The “David’s Sling” system is de-signed to protect Israel from medium-to-long-range missiles of the kind in Hizbollah and Syrian arsenals.
The system is due to enter operational use in 2014 and will be the middle layer of defence between the Iron Dome, which operates against short-to-mid-level missiles, and the Arrow, which was designed as a shield from missiles fired at a distance of hundreds of miles from Israel.
In the test carried out in the Negev desert on Sunday, the main components of the new system were tested for the first time in a full-scale exercise that included a successful interception of a target-missile by the David’s Sling rocket. One part of the system, the MMR radar, has already entered service as part of the fifth Iron Dome battery that was deployed near Tel-Aviv two weeks ago during the operation and intercepted missiles fired by Hamas towards the city. Throughout the eight-day operation, Iron Dome batteries intercepted 428 missiles with an 84 per cent success rate.

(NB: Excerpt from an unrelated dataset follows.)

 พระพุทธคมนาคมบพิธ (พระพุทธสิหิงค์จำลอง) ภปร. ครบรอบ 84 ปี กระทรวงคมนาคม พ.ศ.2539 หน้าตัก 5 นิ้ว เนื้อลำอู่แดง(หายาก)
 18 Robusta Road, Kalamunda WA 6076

Despite the swift end of the operation, in which the IDF destroyed over half of Hamas’s missile capabilities and killed dozens of terror operatives, the initial reaction of the Israeli public was disappointment. One poll carried out for Channel Two had 46 per cent of the public saying that neither side had prevailed in the operation, while 29 per cent thought that Hamas had the upper-hand and only 20 per cent felt Israel had won.
In another poll, conducted by Panels Politics, 60 per cent said they were opposed to the ceasefire agreement while only four per cent believed that the outcome would lead to a long-term period of calm.